Figures 2A and 2B illustrate front and rear views, respectively, of a wireless electronic device 100, according to various embodiments of the present inventive concepts. Accordingly, Figures 2A and 2B illustrate opposite sides of the wireless electronic device 100. In particular, Figure 2B illustrates an external face 201 of a backplate 200 of the wireless electronic device 100. Accordingly, the external face 201 of the backplate 200 may be visible to, and/or in contact with, a user of the wireless electronic device 100. In contrast, an internal face of the backplate 200 may face internal portions of the wireless electronic device 100, such as a transceiver circuit.

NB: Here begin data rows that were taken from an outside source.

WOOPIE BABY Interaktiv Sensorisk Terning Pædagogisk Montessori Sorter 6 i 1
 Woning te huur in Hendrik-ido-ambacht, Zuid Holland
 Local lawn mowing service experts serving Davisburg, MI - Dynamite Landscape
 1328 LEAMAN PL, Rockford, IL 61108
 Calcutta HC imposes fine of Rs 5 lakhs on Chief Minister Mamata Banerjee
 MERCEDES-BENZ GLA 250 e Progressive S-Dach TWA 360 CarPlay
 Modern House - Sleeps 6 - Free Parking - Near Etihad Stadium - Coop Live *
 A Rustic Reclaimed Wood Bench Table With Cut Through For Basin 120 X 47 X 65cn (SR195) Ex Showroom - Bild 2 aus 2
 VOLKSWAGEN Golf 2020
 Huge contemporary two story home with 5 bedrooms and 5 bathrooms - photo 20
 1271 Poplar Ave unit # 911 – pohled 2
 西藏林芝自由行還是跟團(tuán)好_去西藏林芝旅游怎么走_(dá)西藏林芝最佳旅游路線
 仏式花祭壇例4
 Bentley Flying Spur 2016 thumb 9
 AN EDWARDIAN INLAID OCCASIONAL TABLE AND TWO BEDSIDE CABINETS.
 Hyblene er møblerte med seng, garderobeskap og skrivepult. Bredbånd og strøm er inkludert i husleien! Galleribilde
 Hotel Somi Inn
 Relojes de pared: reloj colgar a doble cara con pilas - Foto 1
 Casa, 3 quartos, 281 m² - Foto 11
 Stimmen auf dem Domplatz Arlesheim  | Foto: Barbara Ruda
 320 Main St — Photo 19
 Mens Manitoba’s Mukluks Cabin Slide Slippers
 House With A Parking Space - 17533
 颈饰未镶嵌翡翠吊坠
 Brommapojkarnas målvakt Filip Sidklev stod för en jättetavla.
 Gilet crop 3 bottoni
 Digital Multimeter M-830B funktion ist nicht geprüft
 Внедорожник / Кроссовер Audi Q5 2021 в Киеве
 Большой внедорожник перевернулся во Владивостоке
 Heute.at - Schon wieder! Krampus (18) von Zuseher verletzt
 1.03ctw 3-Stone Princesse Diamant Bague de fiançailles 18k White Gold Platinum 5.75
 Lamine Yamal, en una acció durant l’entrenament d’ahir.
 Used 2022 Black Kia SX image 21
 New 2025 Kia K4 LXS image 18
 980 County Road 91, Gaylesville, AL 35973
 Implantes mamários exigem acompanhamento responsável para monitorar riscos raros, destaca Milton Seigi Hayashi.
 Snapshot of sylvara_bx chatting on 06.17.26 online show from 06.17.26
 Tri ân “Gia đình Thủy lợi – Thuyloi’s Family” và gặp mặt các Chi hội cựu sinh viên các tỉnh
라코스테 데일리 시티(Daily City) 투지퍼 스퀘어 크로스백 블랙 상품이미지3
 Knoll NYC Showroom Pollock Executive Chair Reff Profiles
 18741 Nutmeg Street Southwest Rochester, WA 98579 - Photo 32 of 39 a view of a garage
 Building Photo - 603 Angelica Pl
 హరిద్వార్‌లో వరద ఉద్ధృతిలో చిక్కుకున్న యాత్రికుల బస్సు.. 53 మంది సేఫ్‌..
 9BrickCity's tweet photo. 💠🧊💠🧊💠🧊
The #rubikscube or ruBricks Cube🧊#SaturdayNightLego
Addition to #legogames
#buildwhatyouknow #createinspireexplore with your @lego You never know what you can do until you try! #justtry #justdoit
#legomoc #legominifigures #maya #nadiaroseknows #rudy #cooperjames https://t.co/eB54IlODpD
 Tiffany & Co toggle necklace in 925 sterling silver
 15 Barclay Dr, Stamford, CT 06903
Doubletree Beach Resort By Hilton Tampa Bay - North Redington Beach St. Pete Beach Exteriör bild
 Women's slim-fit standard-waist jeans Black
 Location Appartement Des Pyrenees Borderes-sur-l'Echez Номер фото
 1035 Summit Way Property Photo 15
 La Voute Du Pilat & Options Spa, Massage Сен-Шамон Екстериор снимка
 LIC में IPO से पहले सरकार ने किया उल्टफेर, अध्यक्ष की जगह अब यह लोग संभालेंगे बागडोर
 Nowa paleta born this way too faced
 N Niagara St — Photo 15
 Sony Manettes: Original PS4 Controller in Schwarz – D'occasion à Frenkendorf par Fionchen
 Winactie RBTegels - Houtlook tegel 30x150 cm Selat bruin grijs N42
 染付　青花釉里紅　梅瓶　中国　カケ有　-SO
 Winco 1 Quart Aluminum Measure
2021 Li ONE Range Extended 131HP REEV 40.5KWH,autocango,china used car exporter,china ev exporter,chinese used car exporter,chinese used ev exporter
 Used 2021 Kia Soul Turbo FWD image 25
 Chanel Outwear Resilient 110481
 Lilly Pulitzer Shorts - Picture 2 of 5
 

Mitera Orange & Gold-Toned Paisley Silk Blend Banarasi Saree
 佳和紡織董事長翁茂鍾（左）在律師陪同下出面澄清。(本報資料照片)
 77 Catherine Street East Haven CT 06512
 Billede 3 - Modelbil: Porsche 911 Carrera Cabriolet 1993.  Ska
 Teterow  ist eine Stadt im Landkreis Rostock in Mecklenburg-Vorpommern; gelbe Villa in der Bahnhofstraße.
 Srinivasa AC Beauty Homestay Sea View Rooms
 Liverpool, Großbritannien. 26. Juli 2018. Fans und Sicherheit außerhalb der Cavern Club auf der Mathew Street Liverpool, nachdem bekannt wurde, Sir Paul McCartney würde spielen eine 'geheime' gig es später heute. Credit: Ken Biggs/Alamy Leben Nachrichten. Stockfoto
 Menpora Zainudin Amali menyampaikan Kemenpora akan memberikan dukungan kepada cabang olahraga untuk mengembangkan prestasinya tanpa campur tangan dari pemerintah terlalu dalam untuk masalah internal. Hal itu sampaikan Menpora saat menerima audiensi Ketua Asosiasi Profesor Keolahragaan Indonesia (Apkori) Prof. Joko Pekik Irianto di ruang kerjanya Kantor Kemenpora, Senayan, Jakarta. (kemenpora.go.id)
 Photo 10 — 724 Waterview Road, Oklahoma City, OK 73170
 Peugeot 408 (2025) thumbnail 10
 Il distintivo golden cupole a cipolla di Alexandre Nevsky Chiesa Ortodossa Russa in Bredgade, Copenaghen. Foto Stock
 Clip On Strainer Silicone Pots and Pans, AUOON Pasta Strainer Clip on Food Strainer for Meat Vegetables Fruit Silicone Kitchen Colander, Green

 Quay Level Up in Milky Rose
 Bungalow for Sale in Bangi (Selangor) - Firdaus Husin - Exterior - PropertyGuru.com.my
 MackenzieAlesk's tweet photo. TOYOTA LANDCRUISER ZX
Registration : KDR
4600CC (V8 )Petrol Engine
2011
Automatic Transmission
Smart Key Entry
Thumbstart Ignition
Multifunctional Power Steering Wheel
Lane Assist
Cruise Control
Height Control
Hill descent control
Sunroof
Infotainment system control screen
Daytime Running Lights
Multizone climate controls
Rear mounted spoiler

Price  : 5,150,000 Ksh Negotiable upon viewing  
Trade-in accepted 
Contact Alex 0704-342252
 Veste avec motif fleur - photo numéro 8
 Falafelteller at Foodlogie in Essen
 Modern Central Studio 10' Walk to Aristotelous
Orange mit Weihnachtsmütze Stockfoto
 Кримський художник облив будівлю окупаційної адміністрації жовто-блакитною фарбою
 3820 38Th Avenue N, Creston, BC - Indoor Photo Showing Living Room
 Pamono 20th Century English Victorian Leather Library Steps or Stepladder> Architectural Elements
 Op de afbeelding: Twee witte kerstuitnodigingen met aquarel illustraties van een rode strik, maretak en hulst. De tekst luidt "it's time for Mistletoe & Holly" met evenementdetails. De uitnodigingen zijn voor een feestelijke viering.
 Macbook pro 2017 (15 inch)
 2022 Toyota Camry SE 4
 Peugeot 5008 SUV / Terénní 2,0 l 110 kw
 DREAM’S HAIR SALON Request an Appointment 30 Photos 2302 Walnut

Figure 2B further illustrates a first antenna 210 and a second antenna 220 on one end of the wireless electronic device 100, and a third antenna 230 on another end of the wireless electronic device 100. For example, one end may be the top end or the bottom end of the wireless electronic device 100, and the other end may be the other of the top end and the bottom end of the wireless electronic device 100. Moreover, it will be understood that the wireless electronic device 100 may include more than three antennas, and/or that the antennas 210, 220, 230 may include various types of antennas configured for wireless communications. For example, at least one of the antennas 210, 220, 230 may be a monopole antenna or a planar inverted-F antenna (PIFA), among others. Additionally, at least one of the antennas 210, 220, 230 may be a multi-band antenna and/or may be configured to communicate cellular and/or non-cellular frequencies.

Moreover, the backplate 200 of the wireless electronic device 100 may overlap/cover at least a portion of the antennas 210, 220, 230. In other words, at least a portion of the antennas 210, 220, 230 may be recessed within a perimeter of the external face 201 of the backplate 200, and may be between the external face 201 of the backplate 200 and a front external face (e.g., a display) of the wireless electronic device 100. Accordingly, although portions of the antennas 210, 220, 230 may be outside the perimeter of the external face 201 of the backplate 200 (e.g., as illustrated in the rear view of the wireless electronic device 100 provided in Figure 2B), the antennas 210, 220, 230 may alternatively not be visible at all in the rear view of Figure 2B or may be partially concealed by the external face 201 of the backplate 200.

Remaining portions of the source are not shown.